Par Abdelkrim BOUDRA, Président de CARE , le 23/08/2009
Le Cercle d'action et de réflexion autour de l'entreprise (CARE) espère, à travers cette contribution, participer à un débat positif et utile à l'économie nationale. N'étant ni une association professionnelle, ni une organisation patronale, CARE ne prétend aucunement parler au nom des entreprises algériennes dont les représentants se sont exprimés sur le sujet.
Au CARE, nous saluons l'amorce de ce débat public. Nous attirons toutefois l'attention sur le danger pour l'économie algérienne d'une posture mutuellement accusatrice. La communauté économique doit en finir avec « la présomption de culpabilité » mutuelle. Les entreprises qui s'expriment contre les récentes mesures ne sont pas anti-patriotiques, comme ne le sont pas les pouvoirs publics qui interviennent dans l'encadrement des activités économiques dans un contexte particulier.
Au CARE, nous sommes convaincus que sur les questions qui touchent à l'entreprise, l'heure est à la concertation authentique. L'intérêt économique national doit primer. Pour cela, il doit être pensé comme un projet global et cohérent dont la conception et la conduite requièrent vision stratégique, apport d'expertises et partenariat entre l'ensemble des parties prenantes. La vision administrative, parfois au mépris des formes et de la règle de droit, est malheureusement insuffisante et contre-productive en termes d'efficacité économique et de crédibilité des institutions.
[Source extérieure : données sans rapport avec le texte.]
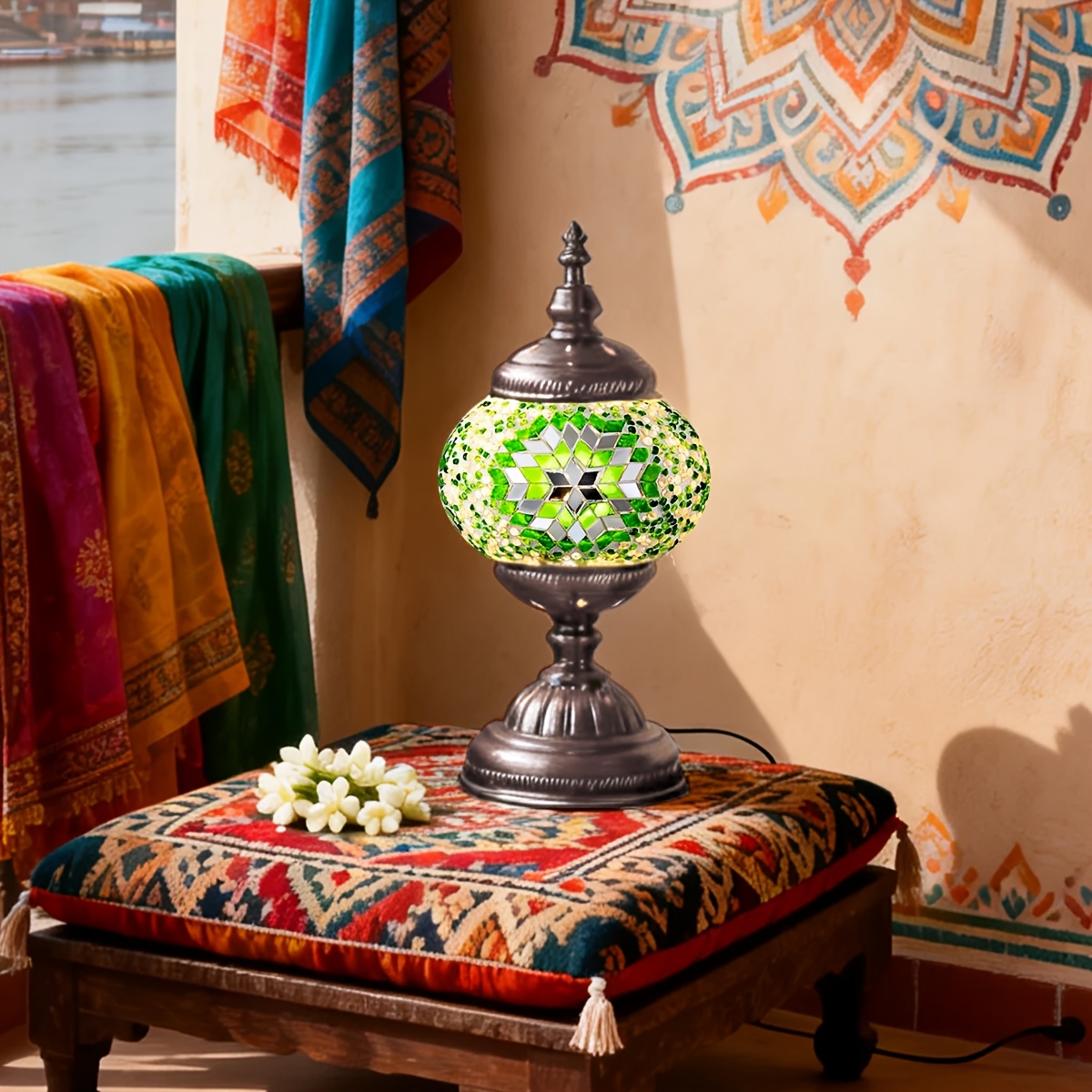 Handmade DIY Turkish Moroccan  - Lightings Decoration 评论和价格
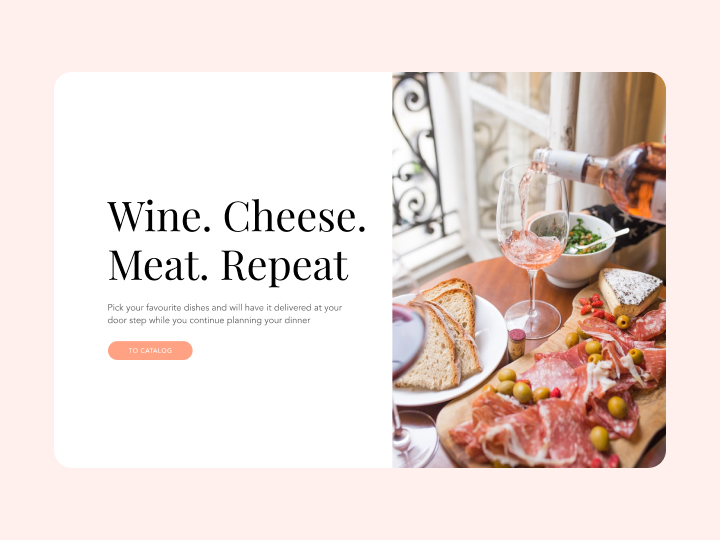 Online Store Design for an Organic Meat Farm 1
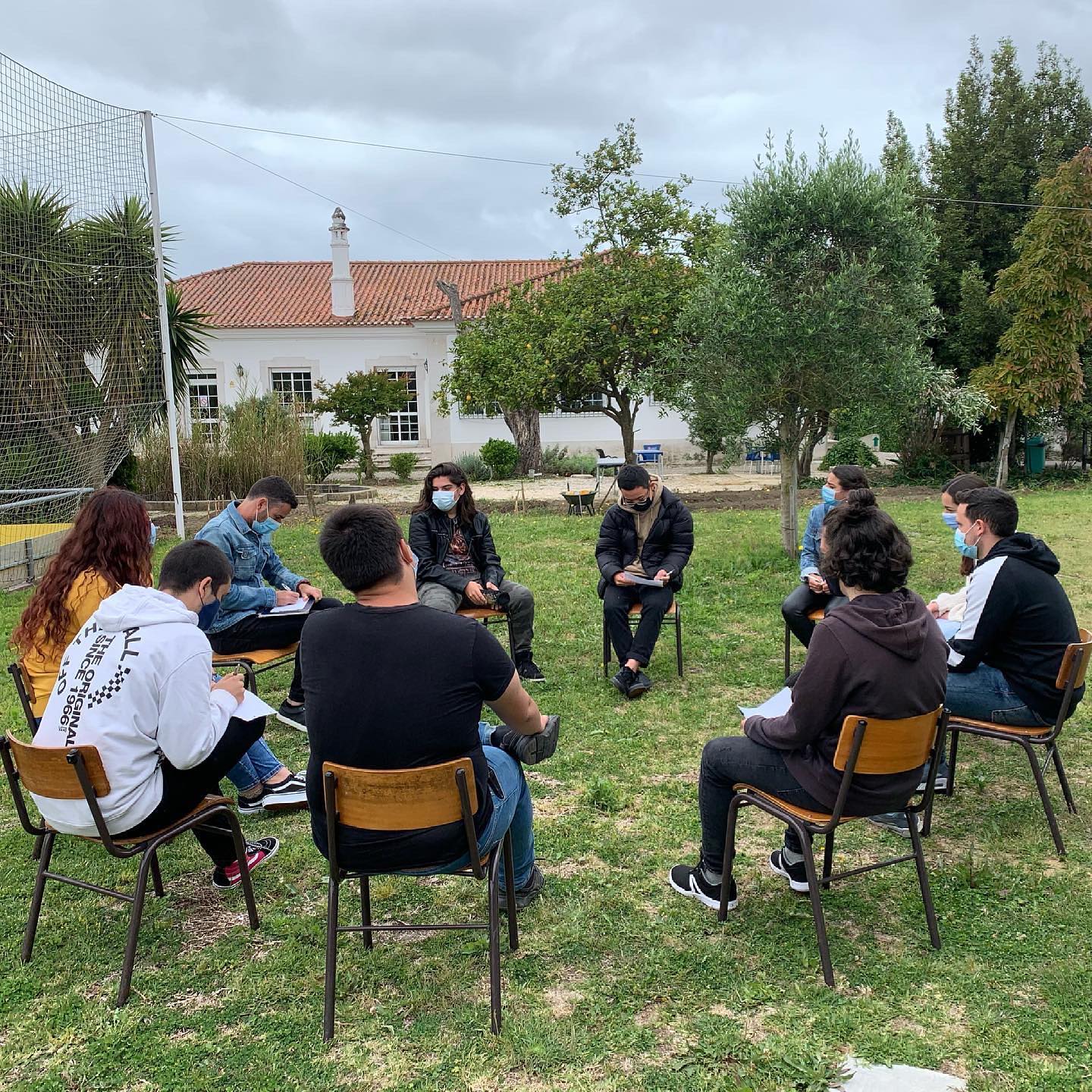 E assim vão alguma aulas na EPED. Turma de 2.º ano de Técnico de Gestão ...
Nous vous proposons dans cette contribution, d'articuler les trois niveaux suivants : le premier niveau est celui du cadre réglementaire à proprement dit. Le deuxième concerne l'exposé des motifs et les enjeux ayant présidé à cette intervention de l'état. Il s'agit ici d'analyser la cohérence interne entre l'exposé des motifs et le contenu des textes. Le troisième niveau est purement prospectif et concerne les scénarios d'évolution possibles.
1. Les décisions
Dans la dernière période, le gouvernement a pris à l'endroit du secteur économique des décisions qui reflètent une révision du cadre réglementaire régissant les activités industrielles et commerciales et leur articulation avec les échanges extérieurs du pays.
Dans une conjoncture où les réserves de change nationales tendent à se fragiliser, ces décisions ont concerné :
le réaménagement du repos hebdomadaire dans le sens d'un week-end semi universel
l'obligation pour les sociétés étrangères d'ouvrir leur capital à des partenaires nationaux ;
une série de mesures intégrées à l'occasion de la loi de finances complémentaire 2009. Les plus médiatisées étant : la limitation des modes de paiement au CREDOC, la règle des 70-30, la suppression du crédit à la consommation et l'obligation faite au dirigeant de se présenter pour certaines formalités administratives.
Toutefois, de nombreuses autres dispositions de la LFC 2009 méritent notre attention (exemples : le droit de préemption sur la cession des participations des actionnaires étrangers ou au profit d'actionnaires étrangers, l'obligation de passage par le CNI, le recours aux prestataires étrangers pour le contrôle des produits à l'international, les 48 fonds d'investissement, ...). CARE publiera dans les jours à venir une note technique détaillée concernant la LFC 2009 où nous reviendrons sur certaines de ces dispositions.
Ces récentes décisions des pouvoirs publics, utiles, voire salutaires dans certains cas, dénotent du grand intérêt accordé à ces questions notamment à la lumière de la grave crise internationale. Elles suggèrent toutefois de nombreuses questions quant à leur cohérence et leurs conséquences à terme sur l'économie nationale.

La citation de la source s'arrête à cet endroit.